### About this exercise
Exact reproduction required: the lines below from the line with "Montre homme Casio" to the line with "CAT Polyester Backpack", both ends included, and no others.

### Given records
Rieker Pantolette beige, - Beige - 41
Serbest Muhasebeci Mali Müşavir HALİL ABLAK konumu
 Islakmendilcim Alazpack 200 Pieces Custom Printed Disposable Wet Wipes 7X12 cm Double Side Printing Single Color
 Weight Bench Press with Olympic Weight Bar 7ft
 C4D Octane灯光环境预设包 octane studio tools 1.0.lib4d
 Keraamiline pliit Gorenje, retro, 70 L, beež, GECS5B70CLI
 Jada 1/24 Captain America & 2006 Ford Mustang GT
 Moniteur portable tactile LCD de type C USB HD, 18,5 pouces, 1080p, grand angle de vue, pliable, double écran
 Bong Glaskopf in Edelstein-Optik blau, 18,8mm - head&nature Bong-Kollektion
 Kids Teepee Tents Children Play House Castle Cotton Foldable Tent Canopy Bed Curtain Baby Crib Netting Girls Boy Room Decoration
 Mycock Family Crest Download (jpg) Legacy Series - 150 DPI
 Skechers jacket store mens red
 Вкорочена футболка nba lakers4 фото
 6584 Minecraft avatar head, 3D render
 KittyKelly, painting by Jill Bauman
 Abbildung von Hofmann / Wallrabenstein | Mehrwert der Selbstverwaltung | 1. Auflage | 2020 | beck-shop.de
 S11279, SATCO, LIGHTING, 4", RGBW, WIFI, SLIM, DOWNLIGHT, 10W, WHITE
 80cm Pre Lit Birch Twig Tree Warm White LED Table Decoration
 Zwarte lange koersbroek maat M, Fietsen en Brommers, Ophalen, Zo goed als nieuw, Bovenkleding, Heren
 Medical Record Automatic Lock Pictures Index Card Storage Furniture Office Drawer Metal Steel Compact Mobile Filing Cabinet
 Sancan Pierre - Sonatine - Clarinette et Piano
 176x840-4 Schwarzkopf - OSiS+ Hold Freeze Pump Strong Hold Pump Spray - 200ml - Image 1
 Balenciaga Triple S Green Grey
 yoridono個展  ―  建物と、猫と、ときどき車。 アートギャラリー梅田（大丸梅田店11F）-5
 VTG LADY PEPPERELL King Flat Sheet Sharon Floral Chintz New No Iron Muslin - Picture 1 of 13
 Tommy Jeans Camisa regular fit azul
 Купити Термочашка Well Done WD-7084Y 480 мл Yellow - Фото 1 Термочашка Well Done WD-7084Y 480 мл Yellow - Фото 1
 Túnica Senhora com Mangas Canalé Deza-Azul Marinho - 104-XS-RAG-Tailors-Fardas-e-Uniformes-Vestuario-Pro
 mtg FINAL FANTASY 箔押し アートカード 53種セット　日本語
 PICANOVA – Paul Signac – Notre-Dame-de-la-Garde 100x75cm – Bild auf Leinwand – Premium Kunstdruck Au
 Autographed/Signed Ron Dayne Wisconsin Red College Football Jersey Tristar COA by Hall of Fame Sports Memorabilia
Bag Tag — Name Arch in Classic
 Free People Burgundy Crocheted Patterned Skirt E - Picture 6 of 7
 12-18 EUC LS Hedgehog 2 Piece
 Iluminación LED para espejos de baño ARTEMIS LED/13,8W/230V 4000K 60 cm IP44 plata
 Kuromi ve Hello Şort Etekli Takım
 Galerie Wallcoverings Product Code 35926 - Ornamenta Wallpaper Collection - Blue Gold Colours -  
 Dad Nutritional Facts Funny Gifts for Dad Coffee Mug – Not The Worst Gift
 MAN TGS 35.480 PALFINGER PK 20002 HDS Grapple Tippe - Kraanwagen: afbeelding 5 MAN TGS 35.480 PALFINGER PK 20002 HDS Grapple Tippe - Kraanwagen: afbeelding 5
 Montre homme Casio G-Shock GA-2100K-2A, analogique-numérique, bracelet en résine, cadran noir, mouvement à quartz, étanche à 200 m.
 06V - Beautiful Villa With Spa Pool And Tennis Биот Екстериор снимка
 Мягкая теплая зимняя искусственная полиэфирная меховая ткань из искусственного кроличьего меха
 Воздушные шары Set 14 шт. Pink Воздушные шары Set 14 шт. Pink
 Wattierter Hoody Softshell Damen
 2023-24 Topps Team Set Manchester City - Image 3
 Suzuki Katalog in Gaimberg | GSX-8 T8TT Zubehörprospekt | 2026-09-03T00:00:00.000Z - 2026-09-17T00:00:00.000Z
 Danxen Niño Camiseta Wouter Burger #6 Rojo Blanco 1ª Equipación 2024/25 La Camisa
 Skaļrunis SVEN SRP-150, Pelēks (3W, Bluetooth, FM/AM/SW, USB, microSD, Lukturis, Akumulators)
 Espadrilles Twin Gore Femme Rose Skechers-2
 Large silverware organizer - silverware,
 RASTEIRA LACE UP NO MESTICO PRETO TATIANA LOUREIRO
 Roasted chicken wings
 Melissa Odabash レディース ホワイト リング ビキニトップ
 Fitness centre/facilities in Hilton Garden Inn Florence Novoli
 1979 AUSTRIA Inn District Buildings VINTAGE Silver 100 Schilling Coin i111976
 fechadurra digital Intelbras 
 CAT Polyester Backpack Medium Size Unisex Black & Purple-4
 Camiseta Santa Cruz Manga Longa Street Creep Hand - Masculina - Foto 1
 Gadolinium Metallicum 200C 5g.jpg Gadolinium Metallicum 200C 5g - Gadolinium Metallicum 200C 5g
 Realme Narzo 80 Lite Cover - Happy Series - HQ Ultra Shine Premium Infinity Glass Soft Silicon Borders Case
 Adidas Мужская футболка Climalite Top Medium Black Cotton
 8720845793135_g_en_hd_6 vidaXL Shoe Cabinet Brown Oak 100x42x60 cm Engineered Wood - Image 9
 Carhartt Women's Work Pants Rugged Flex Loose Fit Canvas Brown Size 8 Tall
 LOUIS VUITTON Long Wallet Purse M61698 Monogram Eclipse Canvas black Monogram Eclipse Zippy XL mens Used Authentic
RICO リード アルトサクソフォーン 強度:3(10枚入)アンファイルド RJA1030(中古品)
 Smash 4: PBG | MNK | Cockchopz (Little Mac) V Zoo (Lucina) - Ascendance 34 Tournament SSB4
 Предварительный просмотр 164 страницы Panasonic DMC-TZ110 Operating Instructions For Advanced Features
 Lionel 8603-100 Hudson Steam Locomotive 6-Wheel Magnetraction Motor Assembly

### Task output
 Montre homme Casio G-Shock GA-2100K-2A, analogique-numérique, bracelet en résine, cadran noir, mouvement à quartz, étanche à 200 m.
 06V - Beautiful Villa With Spa Pool And Tennis Биот Екстериор снимка
 Мягкая теплая зимняя искусственная полиэфирная меховая ткань из искусственного кроличьего меха
 Воздушные шары Set 14 шт. Pink Воздушные шары Set 14 шт. Pink
 Wattierter Hoody Softshell Damen
 2023-24 Topps Team Set Manchester City - Image 3
 Suzuki Katalog in Gaimberg | GSX-8 T8TT Zubehörprospekt | 2026-09-03T00:00:00.000Z - 2026-09-17T00:00:00.000Z
 Danxen Niño Camiseta Wouter Burger #6 Rojo Blanco 1ª Equipación 2024/25 La Camisa
 Skaļrunis SVEN SRP-150, Pelēks (3W, Bluetooth, FM/AM/SW, USB, microSD, Lukturis, Akumulators)
 Espadrilles Twin Gore Femme Rose Skechers-2
 Large silverware organizer - silverware,
 RASTEIRA LACE UP NO MESTICO PRETO TATIANA LOUREIRO
 Roasted chicken wings
 Melissa Odabash レディース ホワイト リング ビキニトップ
 Fitness centre/facilities in Hilton Garden Inn Florence Novoli
 1979 AUSTRIA Inn District Buildings VINTAGE Silver 100 Schilling Coin i111976
 fechadurra digital Intelbras 
 CAT Polyester Backpack Medium Size Unisex Black & Purple-4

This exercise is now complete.